Meek sees Song a Day as "a simulation of an ideal," a world that best approximates songwriting as a spiritual practice. "What I like about Song a Day is that you really have to relinquish your ego," he explains. "My tendency, as a songwriter at least, is to try and control the song and obsess over every single detail and minutia, and feel potentially unsatisfied, which can slow down the creative process. Song a Day just forces you to move quickly and more intuitively, and just tap into your instincts and have fun with it."
I can't imagine where my songwriting would be without this; it totally changed everything about how I write.- Philip Weinrobe
Musicians have also gone off and facilitated their own versions of Song a Day, like Beck, who branched off to host his own week-long sessions, and School of Song, a community that extends Song a Day's structure into month-long experiments led by teachers including Fleet Foxes' Robin Pecknold, Bartees Strange and Laura Veirs.
Many artists interviewed for this feature emphasized the community aspect of it, even DeMarco, whose music-making process is mostly accomplished alone. "I don't play well with others," he admits. "But this is a way to engage with others while still being by yourself for the most part. You just want to stay in the club, and get emails from all your buddies and continue on.
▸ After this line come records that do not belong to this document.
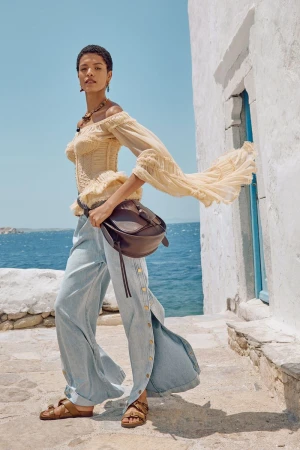 Model wearing a sheer off-the-shoulder ruffled top, wide-leg denim pants, and a brown leather bag on a sunny seaside terrace.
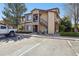 Inviting condo exterior with stone accents, private balcony, reserved parking, and lush landscaping at 4875 S Balsam Way # 6-102, Littleton, CO 80123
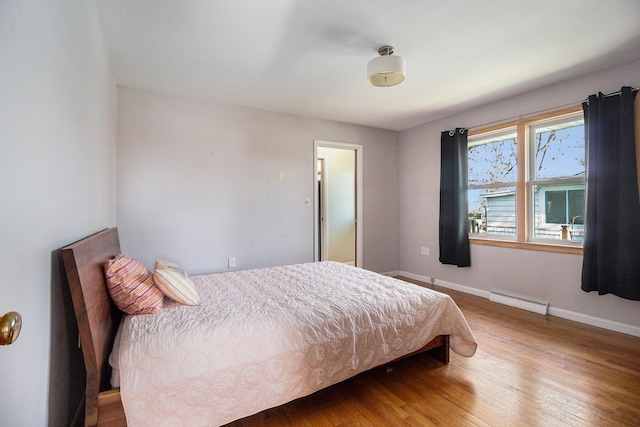 bedroom with baseboards, a baseboard radiator, and wood-type flooring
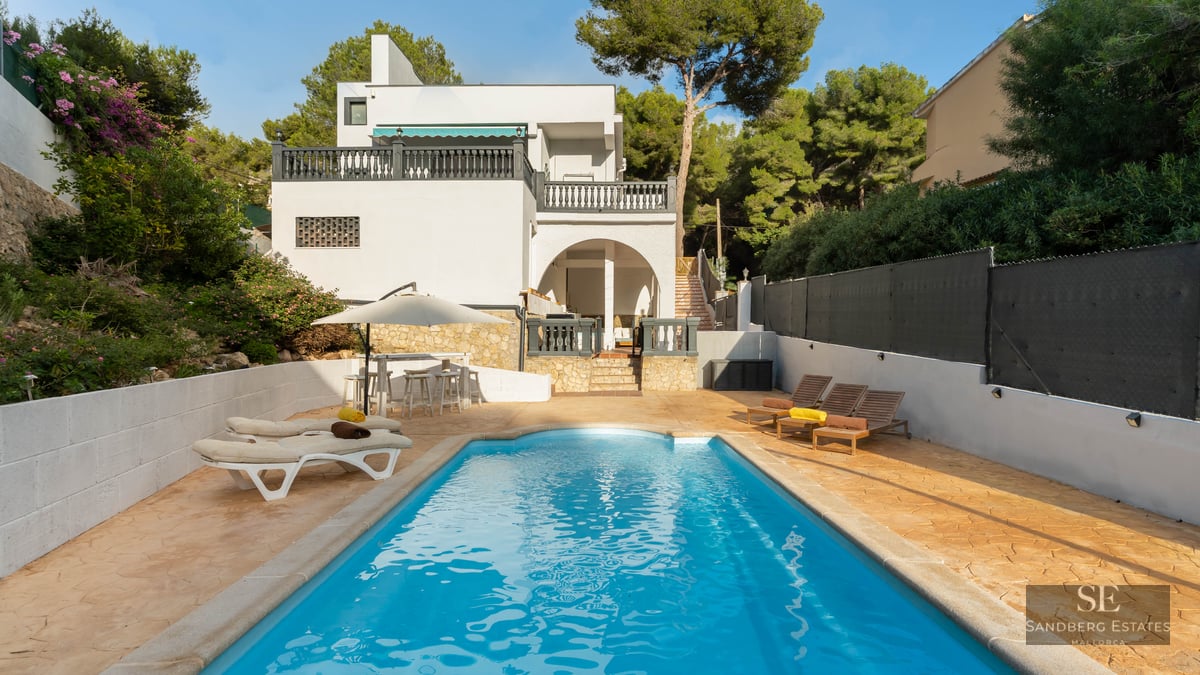 Piscine bleue entourée d'une terrasse en pierre avec transats et une villa blanche en arrière-plan.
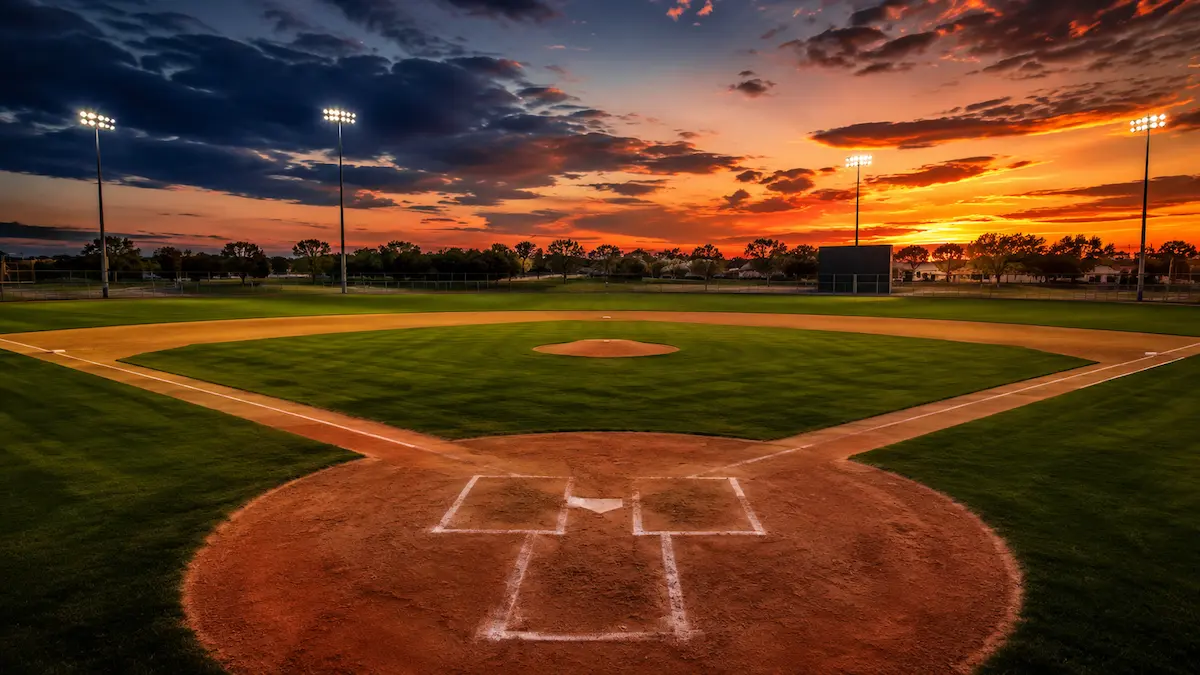 Empty amateur baseball diamond viewed from behind home plate at golden hour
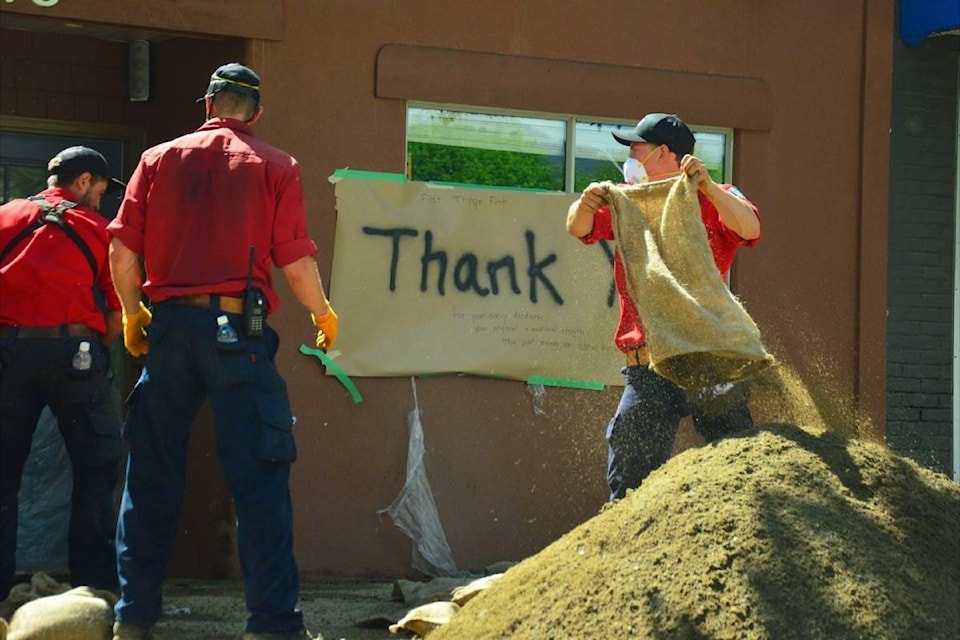 BC Wildfire firefighters empty sandbags as the threat of flooding recedes on Sunday. (Katya Slepian/Black Press Media)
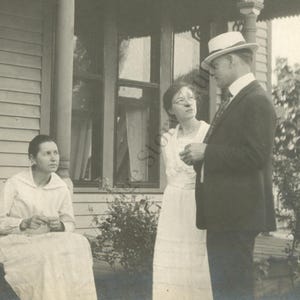 May include: Vintage black and white photograph of three people on a porch. A woman sits on the left, another woman stands in the middle, and a man in a suit and hat stands on the right. The porch has a wooden railing and a window.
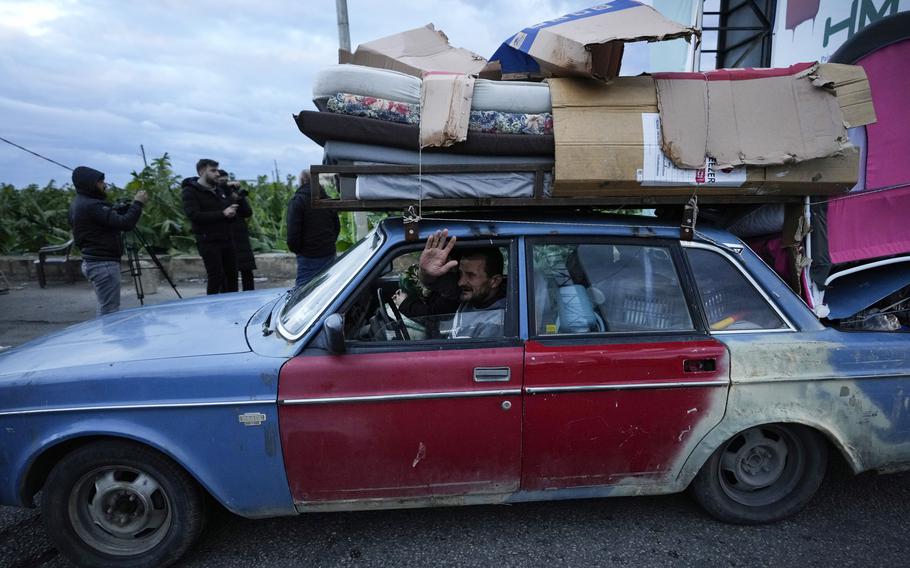 A man waves as he carries his belongings on his car as he returns home.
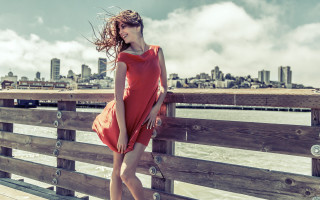 Woman red dress fence water - claire falkenstein free wallpaper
It was interesting to see where other people are at with their stuff."
Most of DeMarco's Song a Day contributions can actually be found on One Wayne G, which featured 199 unreleased tracks; they're the ones with a song title attached, such as the Aug. 16, 2020, entry, "She Want That Sandwich," which was DeMarco's first-ever Song a Day submission.
For Weinrobe, who also makes music when he's not busy producing and engineering other people's work (including albums by Big Thief, Tomberlin and Alanis Morissette), Song a Day is the only time he gets to write music nowadays. "This is really my only practice that I've figured out," he reveals. "I can't imagine where my songwriting would be without this; it totally changed everything about how I write." In September 2020, he released an album titled Good Grief, which comprised eight tracks that he wrote during a Song a Day session, something he's contemplating doing again with a recent batch of songs.
Even though Song a Day is presented as just an exercise, it doesn't surprise Weinrobe to see so many of the songs find life on artists' albums. "It just shows you that good songs do just happen," he assures. "If you sit down and write a song every day for a week, you're going to get songs for your next record every time. And people will come to me and say, 'Hey, when is the next one? I've got a record I need to make!' So it becomes part of people's practice for getting their work done."
Especially during those early lockdown days, Song a Day became a haven for songwriters. "It was just the perfect social and mental health activity," Weinrobe explains. "It was just so great to find a vital outlet. It was amazing."